What an adorable little slip of a thing! Mom & dad look soooo pleased!


----------



## Feefo (Feb 8, 2002)

Adorable!

Cynthia


----------



## Skyeking (Jan 17, 2003)

What a precious newly hatched baby! Thanks again for sharing.


----------



## maryjane (Jul 15, 2006)

Congratulations!! How cute.


----------



## mr squeaks (Apr 14, 2005)

*CONGRATULATIONS TO THE PARENTS and you, too, Nab!*  

So...ah...just out of curiosity, Nab...how many birdies are you planning to have of pijies and doves?

Love, Hugs and Scritches

Shi & Squeaks


----------



## nabisho (Nov 18, 2004)

*The plan is*

if this keeps up I will win the Megabucks jackpot and build two 80' X 100' aviaries, one for the pijs and one for the doves.

NAB


----------



## mr squeaks (Apr 14, 2005)

nabisho said:


> if this keeps up I will win the Megabucks jackpot and build two 80' X 100' aviaries, one for the pijs and one for the doves.
> 
> NAB


I LOVE your attitude!! YEEHAW!! Go for the GUSTO!!  

Shi


----------



## EgypSwiftLady (Jan 14, 2008)

Definitely a teeny, tiny cutie! I would love to see photo's of the lil' bee bopper as it grows. 

Robin.


----------



## Maggie-NC (Jun 22, 2005)

Nab, it is hard not to let them breed because the babies are just so darn cute!

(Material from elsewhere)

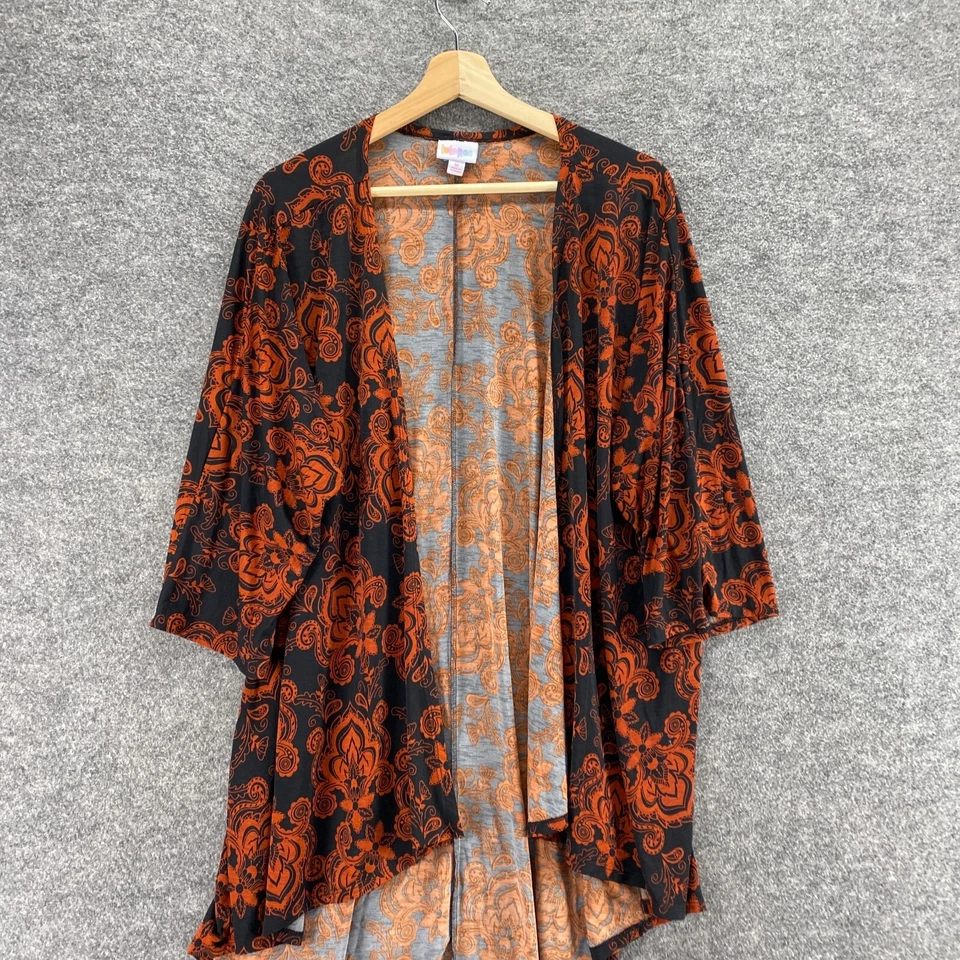 LulaRoe Top Women M Medium Black Paisley 3/4 Sleeve Open Front Casual Comfort - Image 3 of 4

Congrats on this new sweet baby. He is adorable.


----------



## sheridangirl (Jan 9, 2008)

That baby is soooo cute... I am new to this whole pigeon thing and this is going to be a *dumb* question. Are those pigeons or doves?
Thanks for the education


----------



## TAWhatley (Mar 6, 2001)

sheridangirl said:


> That baby is soooo cute... I am new to this whole pigeon thing and this is going to be a *dumb* question. Are those pigeons or doves?
> Thanks for the education


Those are ringneck doves .. Nab designates the dove babies with the letter "D" and the pigeons with the letter "G" .. the "D" I understand .. I forget or never knew how the "G" came to be for the pigeons  Somebody here will know or Nab will tell us the next time he is on.

Terry


----------



## Maggie-NC (Jun 22, 2005)

I don't think Nab will mind if I post this link which will explain why his pigeons are all named with the letter G, followed by a number. For the newer members, Nab and his girlfriend help rescue many birds of all kinds. 

http://www.pigeons.biz/forums/showpost.php?p=182147&postcount=7


----------



## TAWhatley (Mar 6, 2001)

Lady Tarheel said:


> I don't think Nab will mind if I post this link which will explain why his pigeons are all named with the letter G, followed by a number. For the newer members, Nab and his girlfriend help rescue many birds of all kinds.
> 
> http://www.pigeons.biz/forums/showpost.php?p=182147&postcount=7


Thank you, Maggie!

Terry


----------



## nabisho (Nov 18, 2004)

*Looks like D7 is taking after his Dad*

He's thriving and it looks like he is going to be a pure white albino like his Pops.

NAB


----------



## Lovebirds (Sep 6, 2002)

OH......what a cutie pie!!


----------